## Your objective
Pull out the lines from the one containing "Green Tea &" through the final line of the listing below and repeat them exactly. Leave the pictures behind.

## Source data
%%
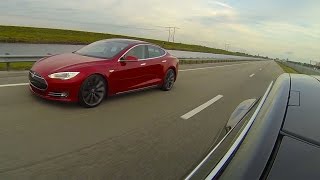 Tesla Model S P85D 691HP vs P85 415HP Heads up Drag Racing from a Stop [upl. by Ludlew]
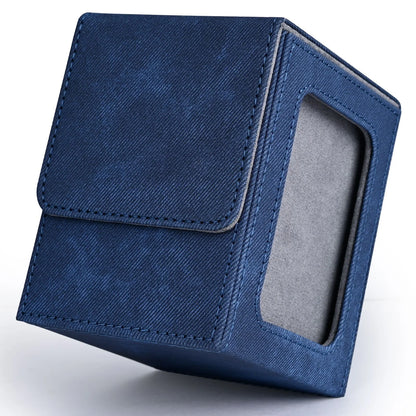 Card Deck Box with Display Window, Trading Card Storage Case, Holds 120+ Single Sleeved Cards, PU Leather Denim Card Box for 
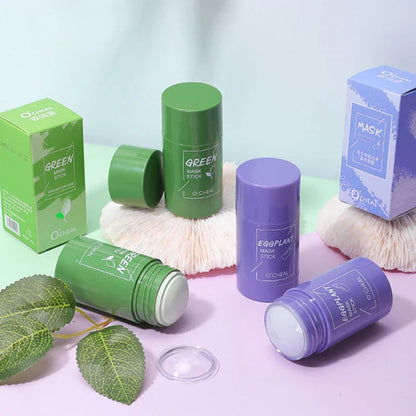 Green Tea & Honey Peach Facial Mask Stick – Pore Cleansing, Moisturizing & Charcoal Mud Mask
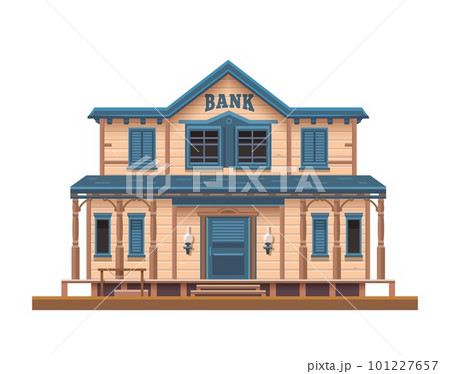 Western, Wild West bank or town building, old American wood architecture, isolated vector. Western country or Wild West American bank building facade with wooden windows and entrance 101227657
%%
## The answer
 Green Tea & Honey Peach Facial Mask Stick – Pore Cleansing, Moisturizing & Charcoal Mud Mask
 Western, Wild West bank or town building, old American wood architecture, isolated vector. Western country or Wild West American bank building facade with wooden windows and entrance 101227657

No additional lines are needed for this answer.